Short text fragments from websites
┌──
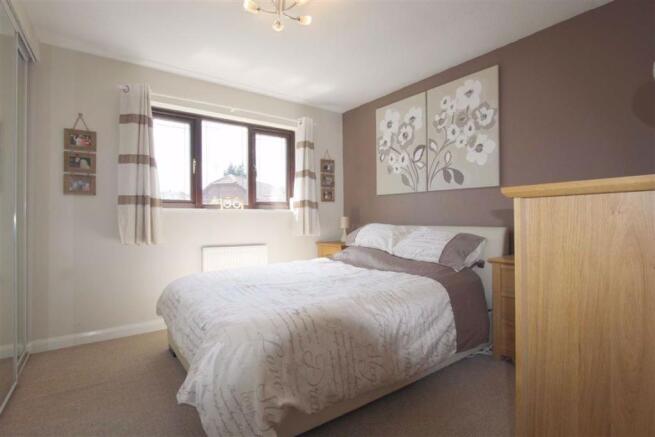 Bedroom One:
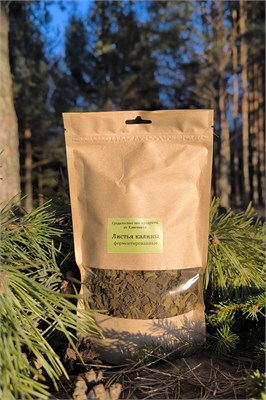 Листья калины ферментированные 25гр 3011976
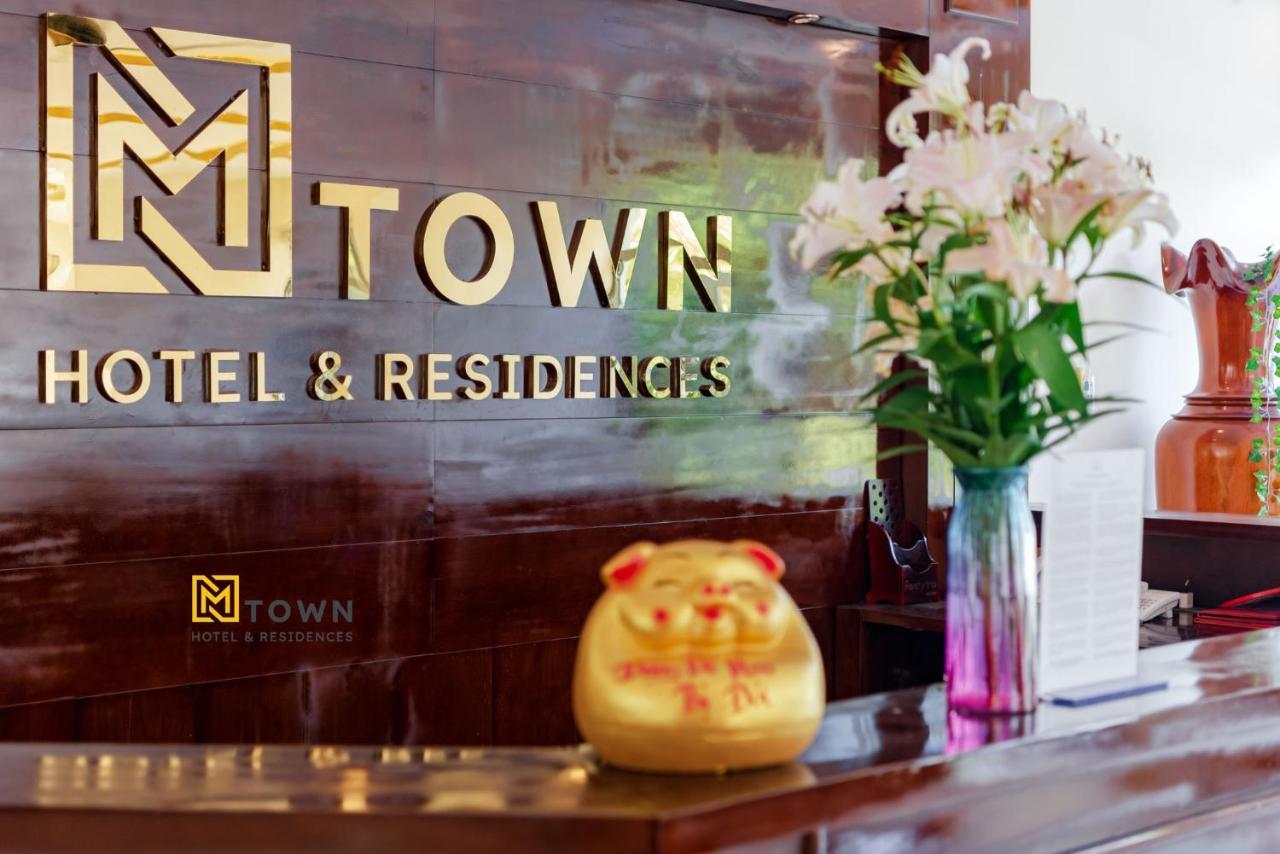 Mtown Hotel & Residences Phu Quoc - Long Beach Centre Exteriér fotografie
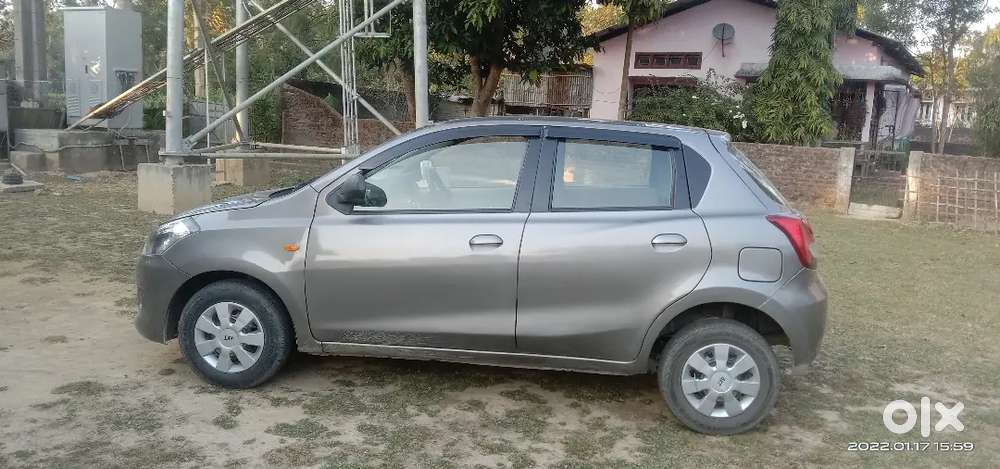 Datsun Go 2016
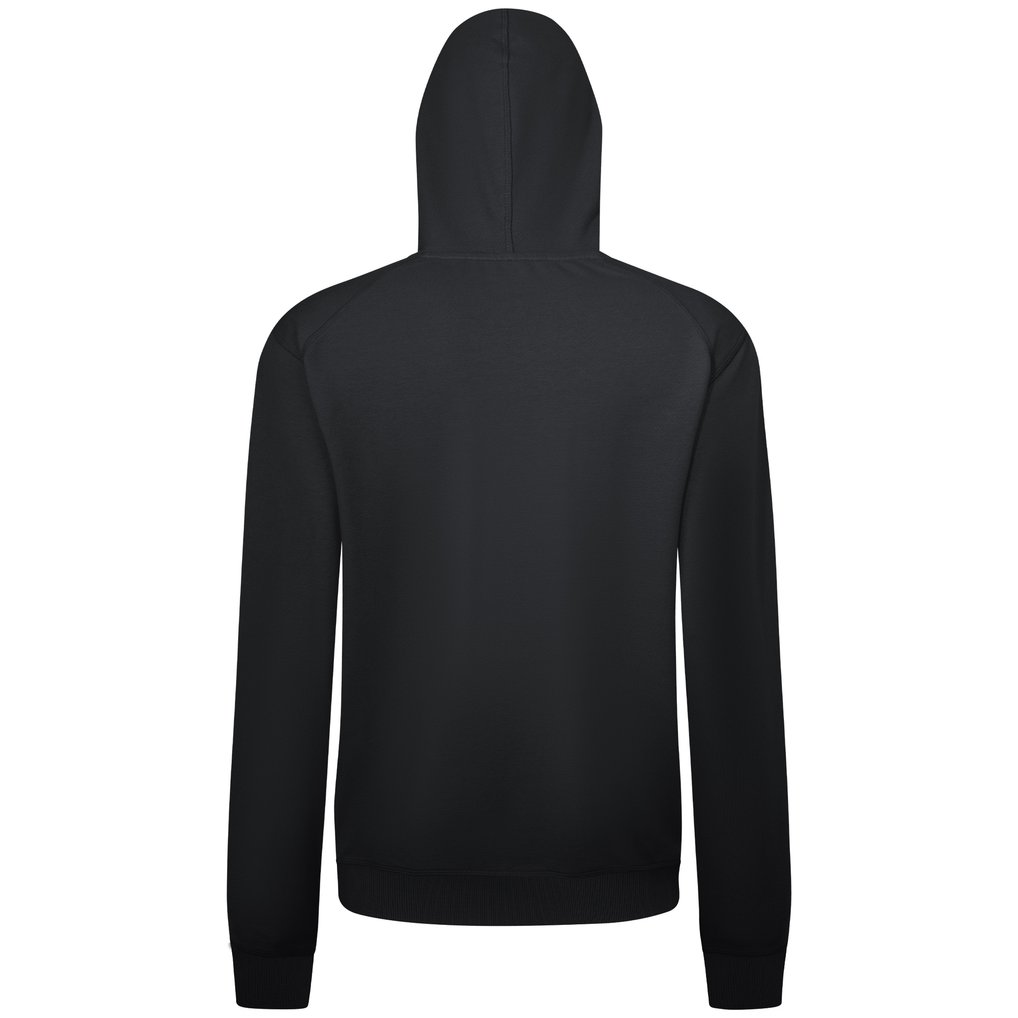 New Jersey Devils Levelwear Technic Quarter-Zip Pullover Hoodie - Black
└──
GOAL OF THE EXERCISE >> Omit the pictures and print again exactly the lines from the one with "Листья калины ферментированные 25гр 3011976" through the final line of the entries, both ends included.

THE COMPLETED TASK >>
 Листья калины ферментированные 25гр 3011976
 Mtown Hotel & Residences Phu Quoc - Long Beach Centre Exteriér fotografie
 Datsun Go 2016
 New Jersey Devils Levelwear Technic Quarter-Zip Pullover Hoodie - Black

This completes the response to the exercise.